At work we needed to keep track of the user's n most recent searches and show them in a dropdown menu. They're first-in, first-out, but if a user selects a previous search and re-runs it, it jumps back up to the top of the history. There's no need to remove anything from the list; a history item can only be pushed out by new searches. O(n) is okay because n is small. With such convenient constraints, it was simple enough to just do this.
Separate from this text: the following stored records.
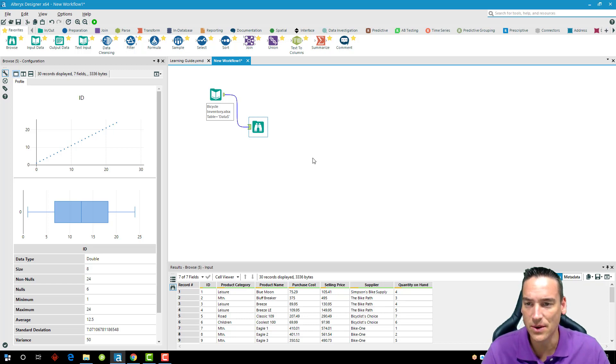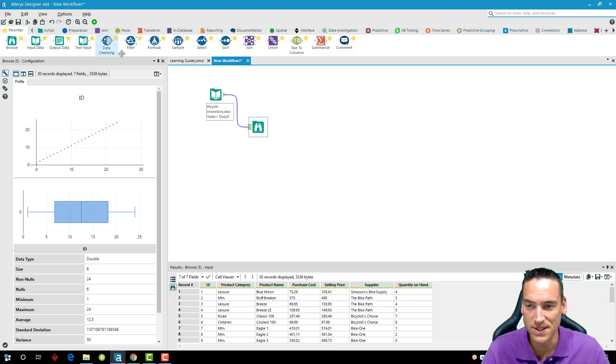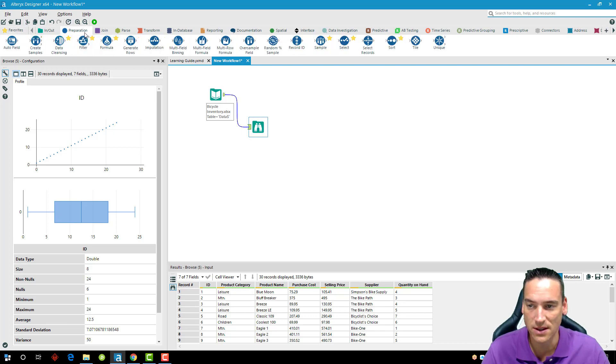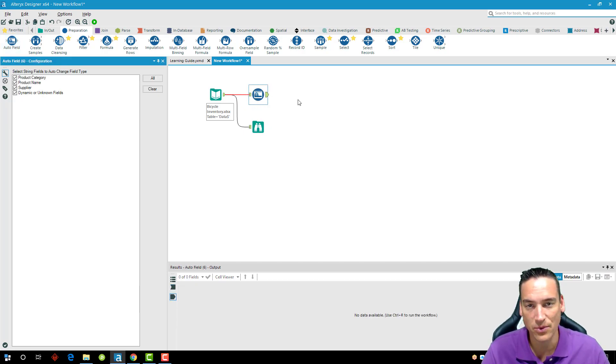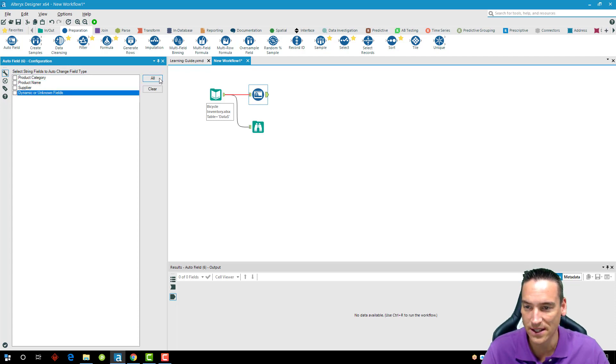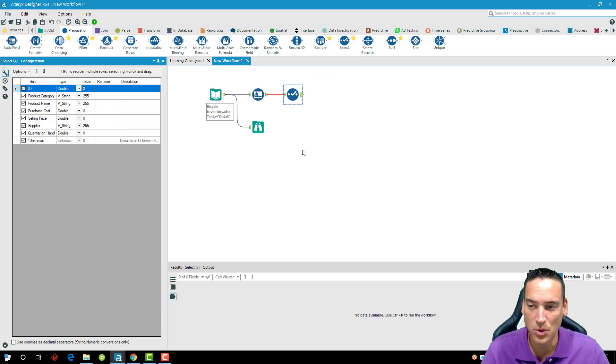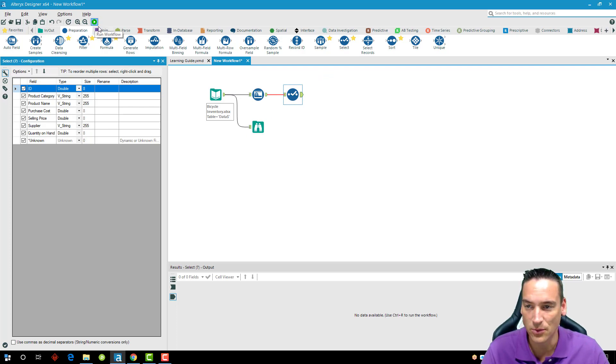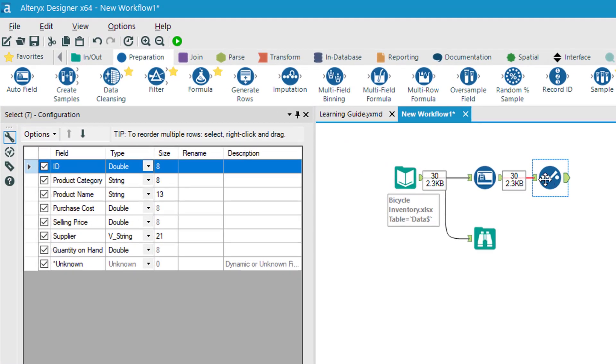The second thing I'm going to do is show you a little bit of the data types and selecting/deselecting fields. One of my favorite tools is the auto field tool; it's in the preparation tab. What it does is go through, look at your data, and determine which data type that particular field is automatically. I can deselect ones I want it to look at or select them all. Before I run it though, I'm going to drop another select tool on here just so I can see what it's going to put out when it runs.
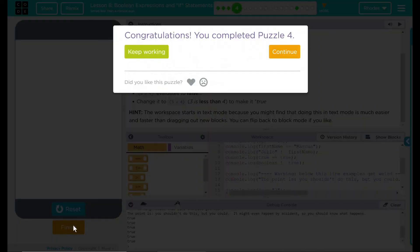Hey. Good job, kids. I'll see you on the next puzzle.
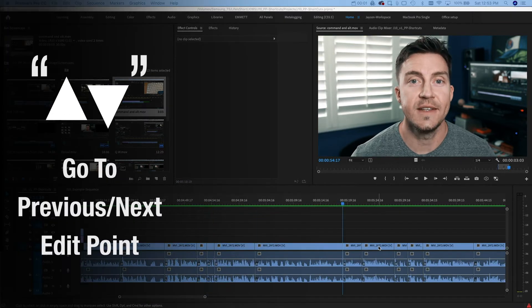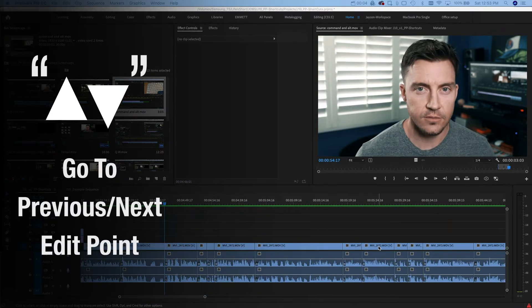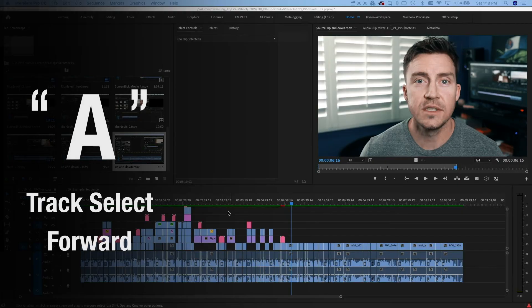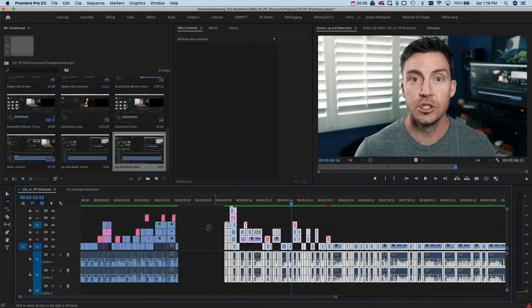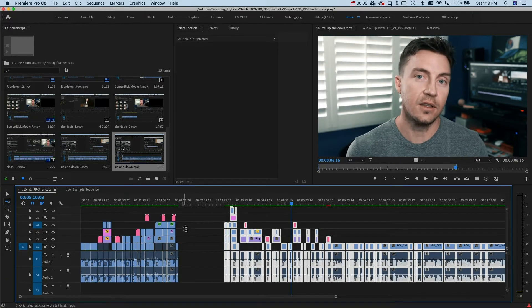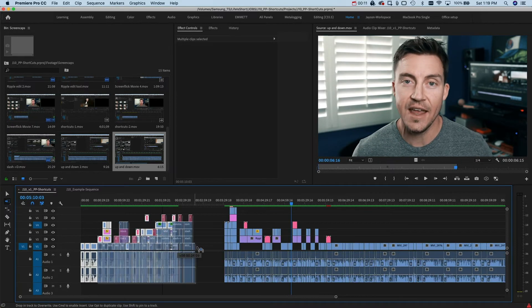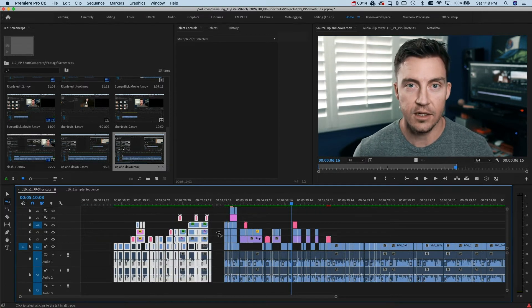If you aren't using the up and down keys to jump from edit to edit, you should learn about it — it's dope. We've talked a lot about not highlighting parts of the timeline just to move it over and create space. Just hit A. A brings up track select forward, which highlights everything to the right so you can click once and drag everything over. Shift A is the opposite — highlights everything to the left so you can move that around.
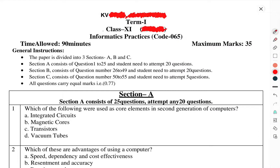Today we will talk about Class 11th IP paper — Informatics Practices. Time allowed is 1.5 hours, maximum marks is 35. This is the half-yearly exam for Class 11th IP. Let's start.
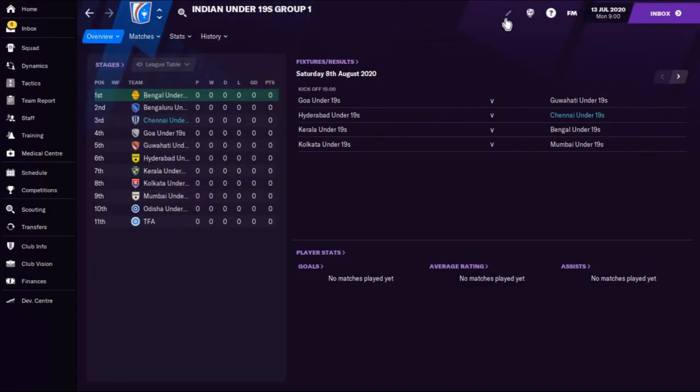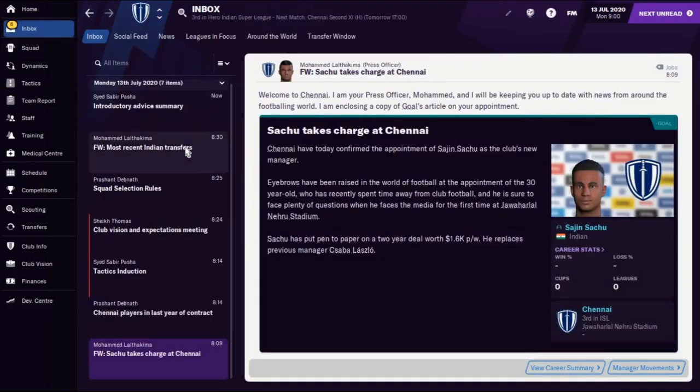Reserve league creation requires a little more editing in the database which I'll explain in another episode. As of now you have a complete league structure for India with Hero Indian Super League and Hero I-League. If you like this video please like, share, and subscribe, and follow the upcoming videos too. Thank you so much guys, please enjoy the game.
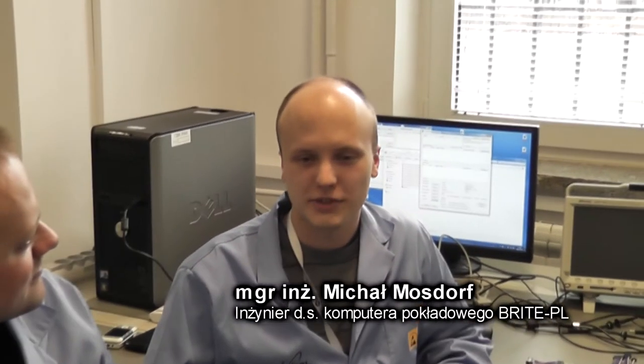Michale, Ty zajmujesz się oprogramowaniem do Brightona, zgadza się? Tak. Czy możesz nam powiedzieć, w jakim języku jest napisane to oprogramowanie, jak jest wgrywane, czy na przykład jest tam jakiś dysk twardy, w którym to oprogramowanie strzymamy? A więc Brighton posiada klasycznego dysku twardego, jest to dysk twardy oparty o pamięć Flash.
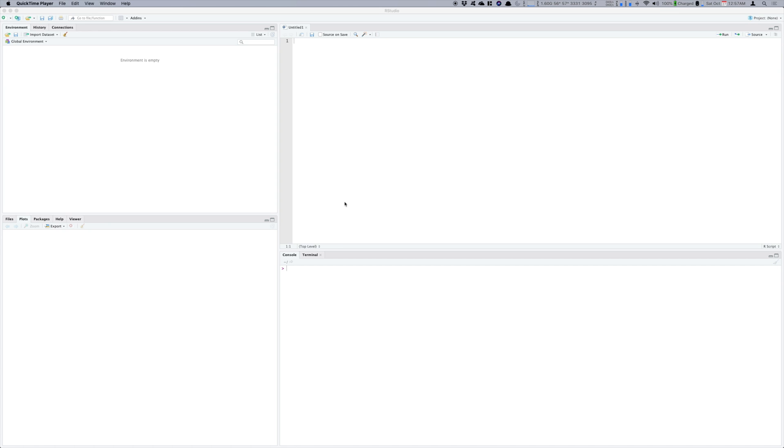And now without wasting any further time let's get started with the topic of this video which is how to generate a standard normal distribution curve using RStudio.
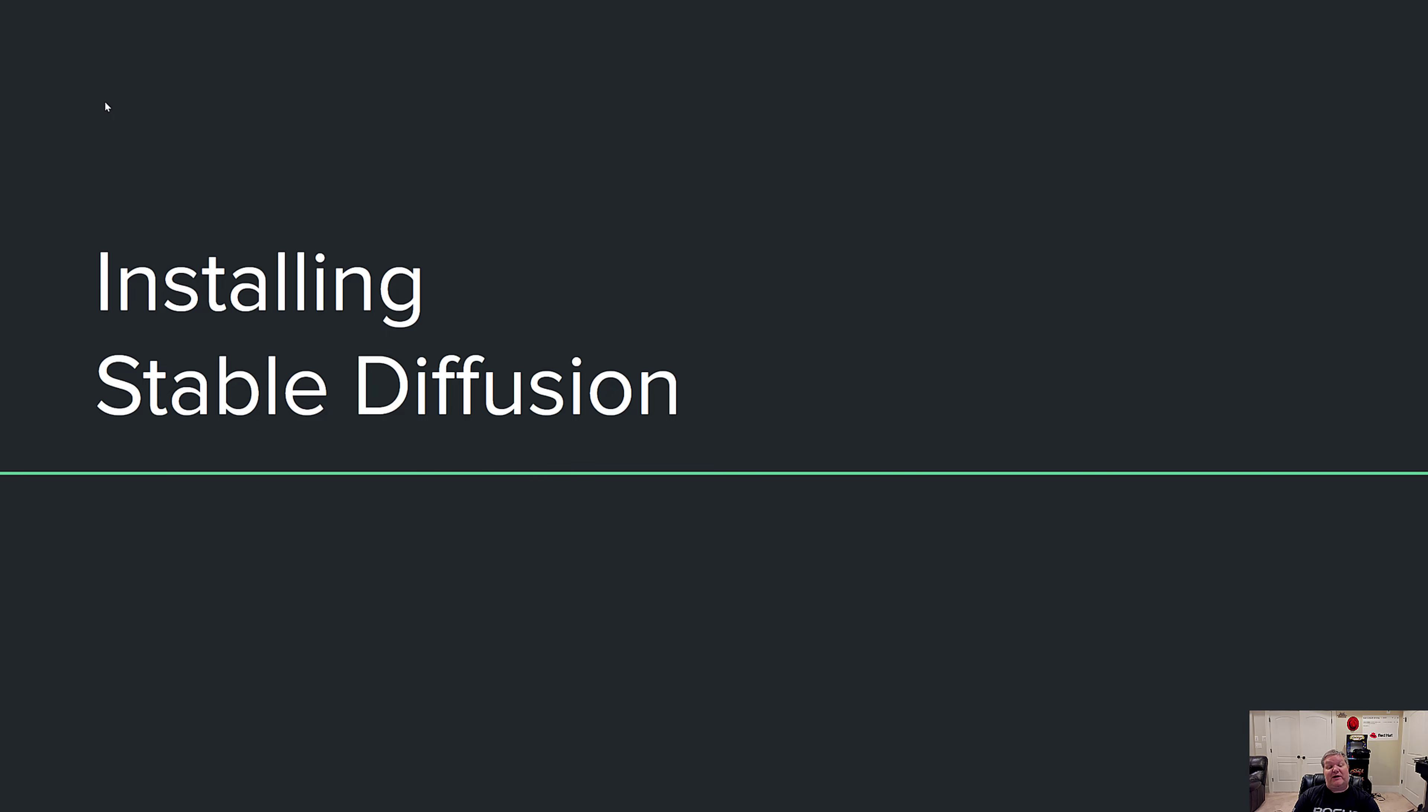Hello everyone, this is Grant and today I'm going to show you how to install Stable Diffusion on the Windows 11 operating system.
{-# LANGUAGE UnicodeSyntax #-}
data Queue a = Queue { limit ∷ Int, values ∷ [a] } deriving Show
enqueue ∷ Eq a ⇒ a → Queue a → Queue a
enqueue α (Queue l ω) = Queue l $ take l $ (α :) $ filter (/= α) ω
A three item queue.
q = Queue 3 []
Queue {limit = 3, values = []}
Adding two items.
enqueue 2 $ enqueue 1 $ q
Queue {limit = 3, values = [2,1]}
Bumping the first item back to the top.
enqueue 1 $ enqueue 2 $ enqueue 1 $ q
Queue {limit = 3, values = [1,2]}
Pushing old items past the limit of 3.
enqueue 4 $ enqueue 3 $ enqueue 1 $ enqueue 2 $ enqueue 1 $ q
Queue {limit = 3, values = [4,3,1]}
That's it. take
and filter
probably won't result in two traversals due to laziness, though it hardly matters. I like how optimistic this wound up being.